Ai fini di quanto richiesto dall’art. 366, n.6, c.p.c. sul piano contenutistico, il ricorso per cassazione deve esporre tutto quanto necessario a porre il giudice di legittimità in condizione
di avere completa cognizione della controversia e del suo oggetto, nonché di cogliere il significato e la portata delle censure contrapposte alle argomentazioni della sentenza impugnata, senza la necessità di accedere ad altre fonti edotti del processo, ivi compresa la sentenza stessa (Cass., n. 31082/2017; Cass., n. 1926/2015; Cass., n. 7825/2006; da ult. tra le tante Cass., n. 12191/2020; Cass., n. 10143/2020; Cass., n. 12481/2022); sicché il ricorrente per cassazione deve esplicitare quale sia, per la parte rilevante, il contenuto degli atti o dei documenti che pone a fondamento del ricorso, riassumendoli o trascrivendoli a seconda di quanto di volta in volta occorra.
In violazione dell’art. 366 n. 6 cpc non risulta specificato cosa sia stato dedotto all’udienza di precisazione delle conclusioni.

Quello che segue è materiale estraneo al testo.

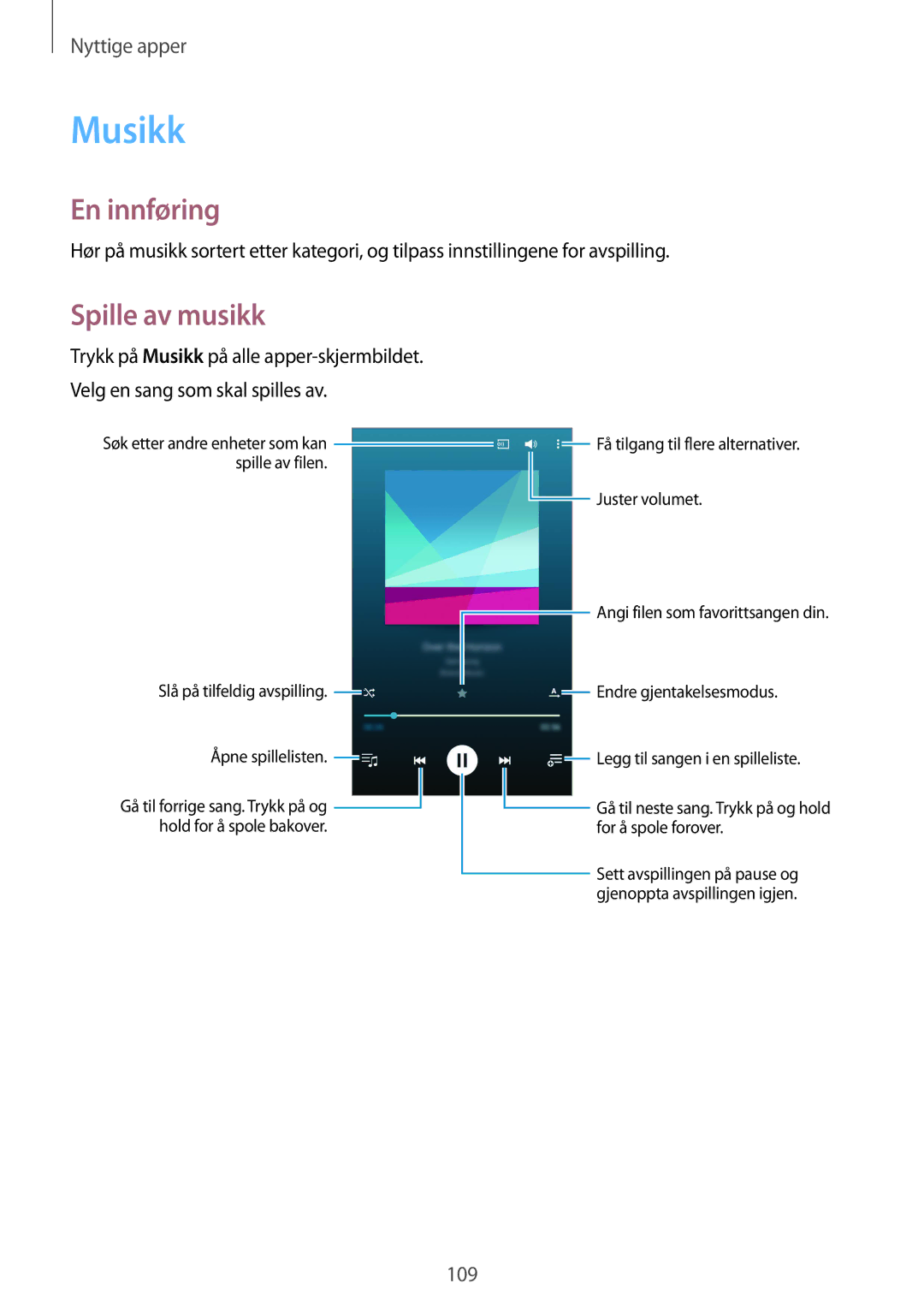 Samsung SM-N910FZDENEE, SM-N910FZWENEE, SM-N910FZIENEE, SM-N910FZKENEE manual Musikk, Spille av musikk 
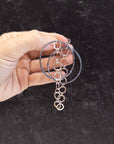 Large Dark Silver Circle with Shiny Silver Chain - Sterling Silver - Ready to ship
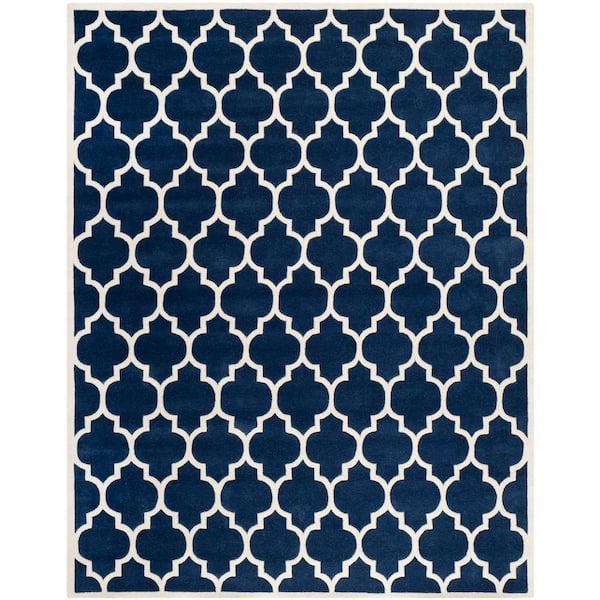 SAFAVIEH Chatham Dark Blue/Ivory 9 ft. x 12 ft. Border Latticework Trellis Area Rug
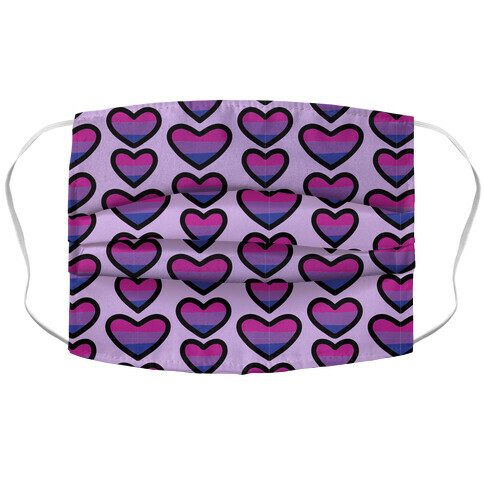 Bisexual Hearts Pattern Accordion Face Mask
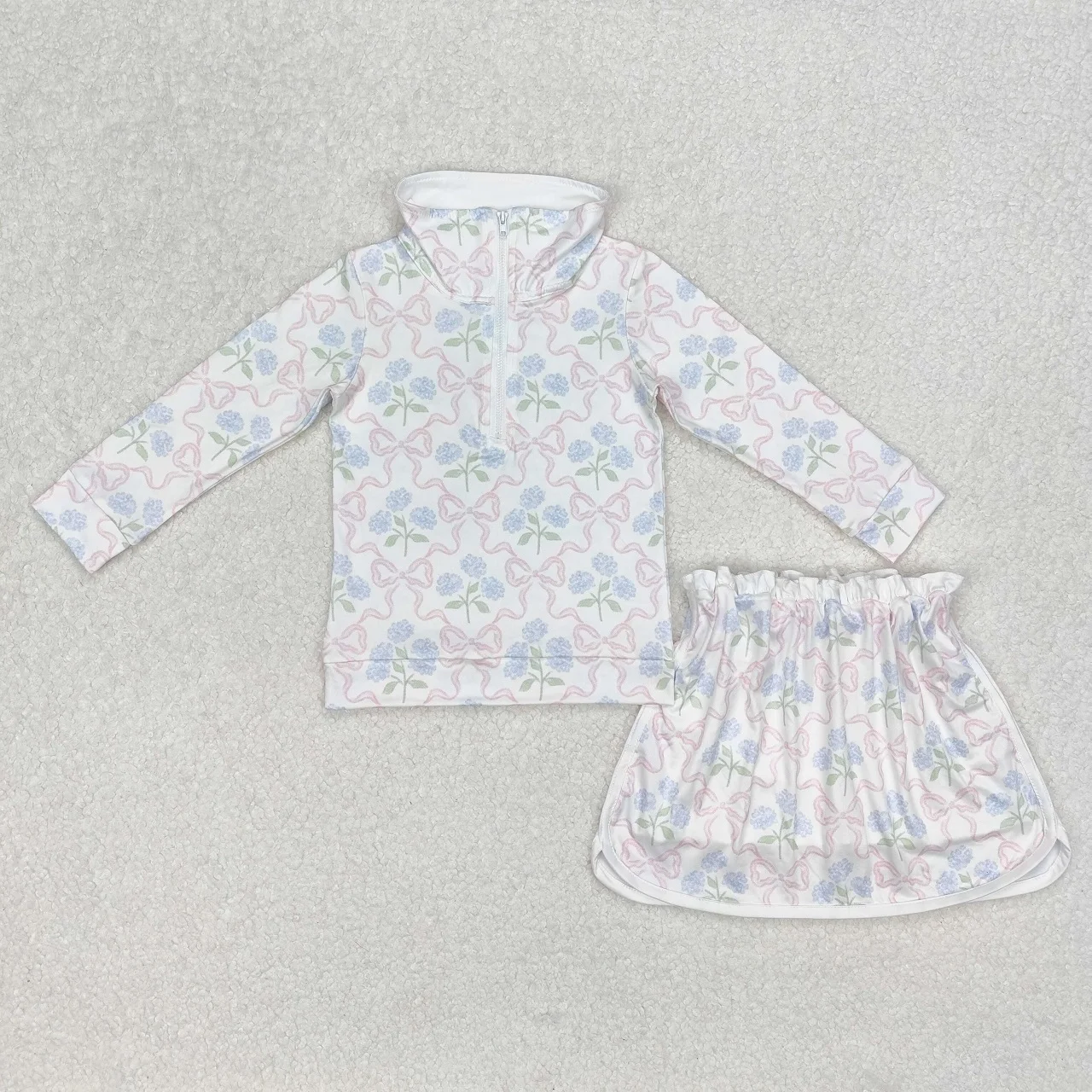 Wholesale Infant Flower Long Sleeves Shirt Bows Skorts Shorts Skirt Children Kids Clothes Floral Set Toddler Baby Girl Outfit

Inoltre, ai fini della valutazione di decisività, non risulta indicato il contenuto dei mezzi istruttori in questione.
7. -Per quanto esposto, il ricorso va dichiarato inammissibile con condanna delle ricorrenti, in solido tra di loro, al pagamento delle spese del presente giudizio, liquidate come in dispositivo.
P.Q.M .
La Corte dichiara inammissibile il ricorso e condanna le ricorrenti, in solido tra di loro, al pagamento delle spese del presente giudizio di legittimità che liquida in € 5.000 per compensi e € 200 per esborsi oltre spese generali, nella misura del 15% dei compensi, ed accessori di legge.
Ai sensi dell’art. 13, comma 1-quater, del d.P.R. 30.5.2002, n.115, nel testo introdotto dall’art. 1, comma 17, l. 24 dicembre 2012, n. 228, dà atto della sussistenza dei presupposti processuali per il versamento, da parte delle ricorrenti, dell’ulteriore importo a titolo di contributo unificato, pari a quello previsto per il ricorso, a norma del comma 1-bis dello stesso art. 13, se dovuto.